En août 2020, juste après l’incident, le président Emmanuel Macron s’est rendu à Beyrouth pour témoigner de son empathie et assurer que le Liban n’était pas seul dans cette tragédie. Néanmoins, il a souligné que compte tenu de la situation politique libanaise, une simple contribution monétaire ne pouvait être envisageable. La France a notamment envoyé des navires vers le Liban. C’est le cas du navire Tonnerre transportant 700 militaires et plusieurs tonnes de fret dont 700 tonnes d’aide alimentaire.
Le 2 septembre, le Président français met la pression au gouvernement libanais. Il fixe notamment l’ordre du jour pour la prochaine équipe ministérielle et avertit que les trois mois à venir seront cruciaux pour qu’un véritable changement intervienne au Liban.
B. Au niveau international
Rappelons que le Liban ne fait partie d’aucune organisation régionale, hormi l’OIF. Le pays étant marqué par une corruption exacerbée, il est impossible pour les autres pays de simplement libérer des fonds qui seraient utilisés à mauvais escient.

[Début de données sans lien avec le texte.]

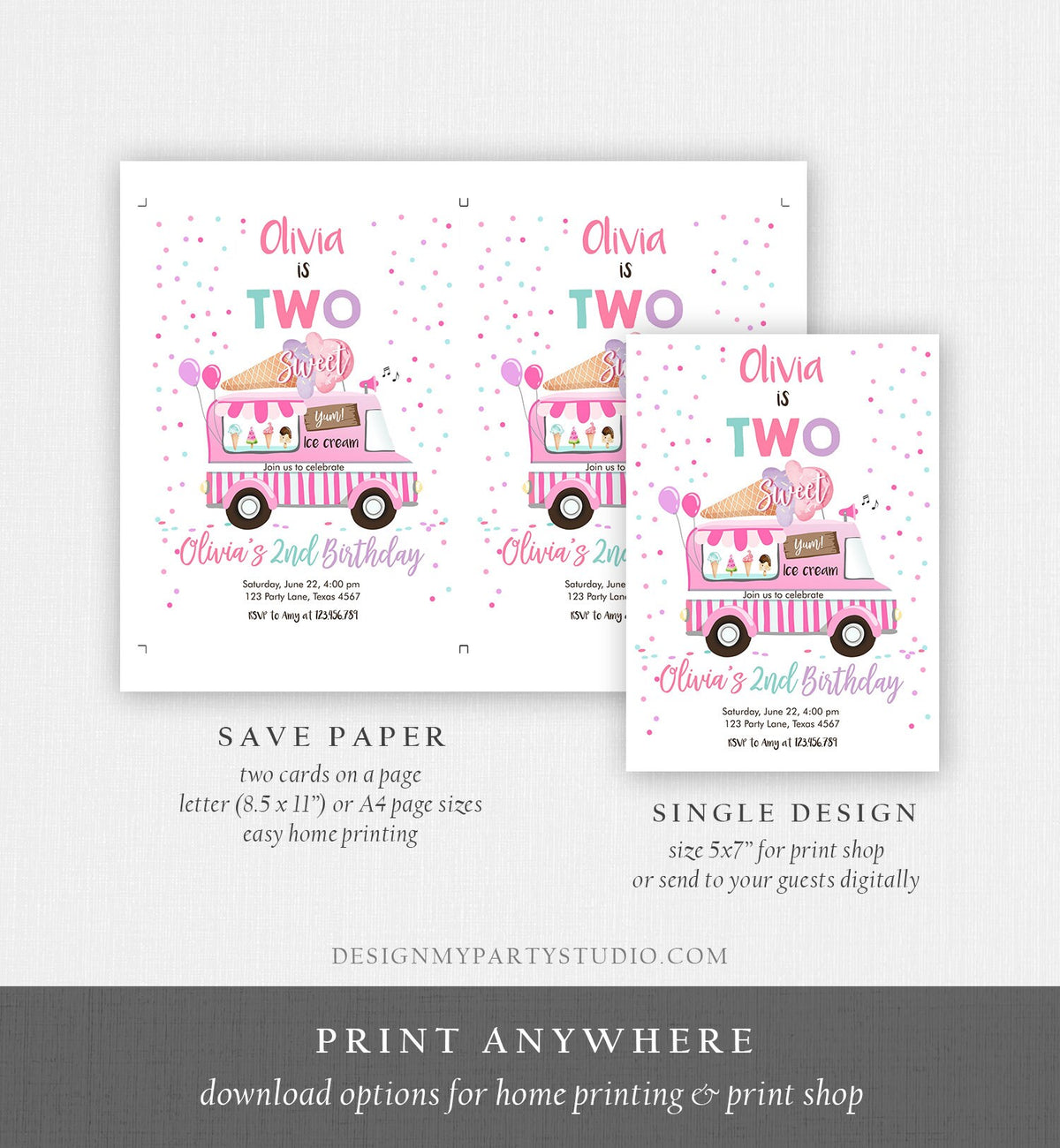 Editable Ice Cream Truck Birthday Invitation Two Sweet Birthday 2nd Second Birthday Party Scoop Pink Girl Digital Template Printable 0243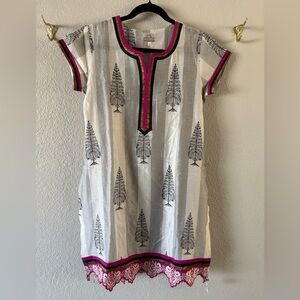 NWT Sabhyata Ivory Gray Cotton Indian Kurti Tunic Size M Cap Sleeve Embroidered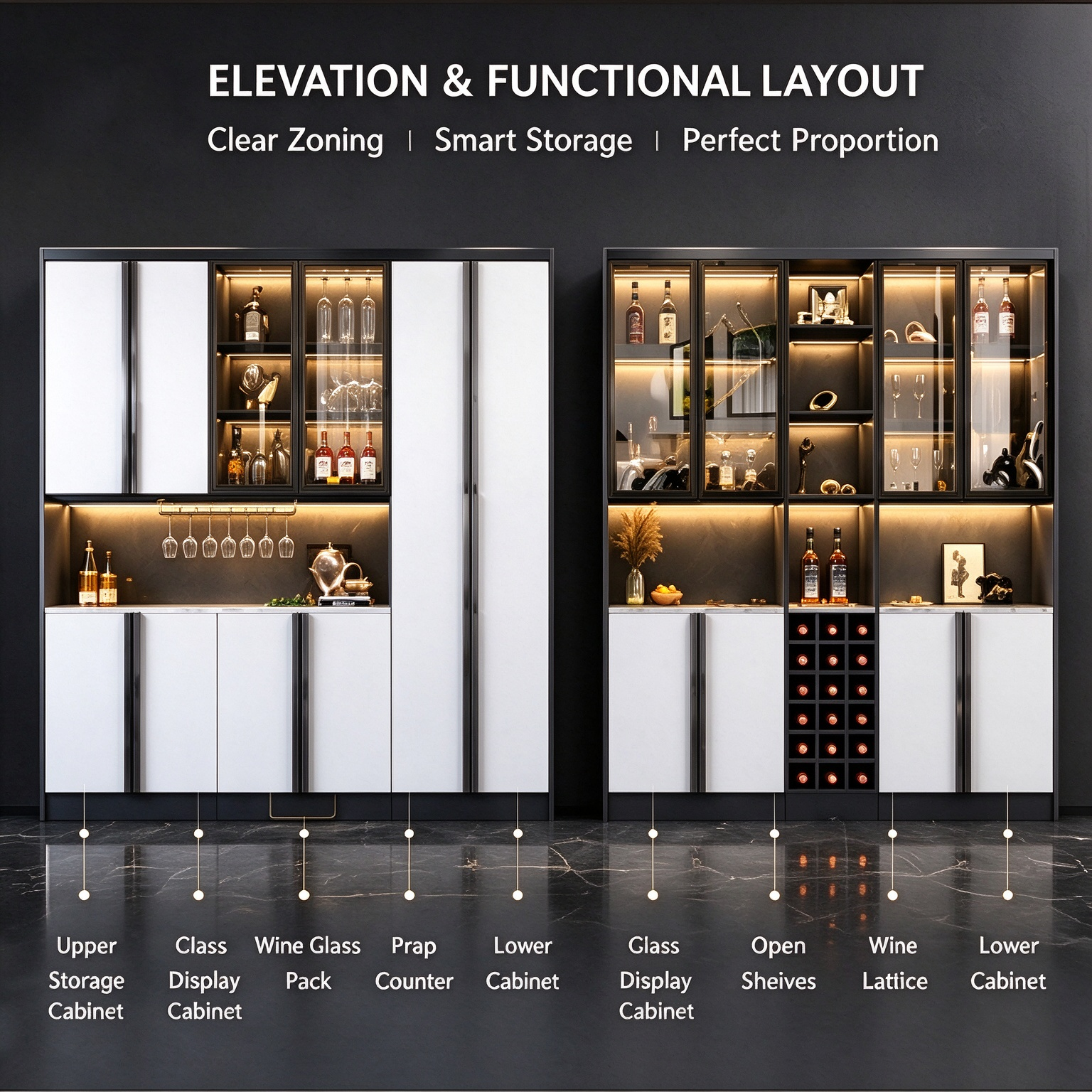 Modern Custom Wine Cabinet with Led Lighting Luxury Home Bar Storage Cabinet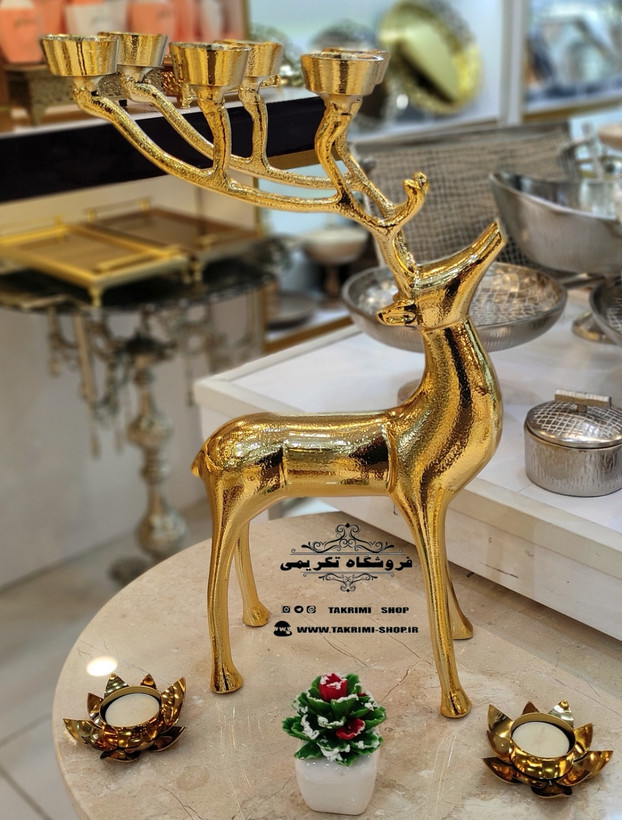 جا شمعی شمعدان جاشمعی گوزن 6 شعله بزرگ جنس اصلی ( نقره ای و طلایی ) ( تکریمی شاپ )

De plus, les Etats-Unis, pays pourtant très interventionniste, se désengagent progressivement.
Le 9 août, l’ONU et la France ont organisé une visioconférence entre pays donateurs, tels que les États-Unis, la France, la Chine, la Russie ou encore l’Egypte. Cette conférence avait pour objectif de mettre en oeuvre les moyens les plus pertinents pour aider au mieux le Liban. Afin d’éviter les circuits de la corruption, les pays donateurs souhaitent s’appuyer sur des institutions assurant clarté et transparence des fonds tels que l’Union Européenne, la Banque mondiale et les agences de l’ONU. Selon l’ONU, 10 milliards d’euros sont nécessaires pour envisager une reconstruction du pays. La Banque de France propose quant à elle d’auditer les comptes publics.
Ainsi, le constat pour le Liban est plutôt négatif. Le pays est engrené dans une crise multiformes, sociale, politique, monétaire, économique, géopolitique. Cette situation est exacerbée par la corruption et le système politique défaillant. Alors que l’aide des institutions internationales semble primordiale, la véritable solution demeure un changement complet du système de fonctionnement du pays, impliquant notamment le contrôle des capitaux, la gouvernance juridique et financière, la lutte contre la corruption et la contrebande ou encore la réforme des marchés publics.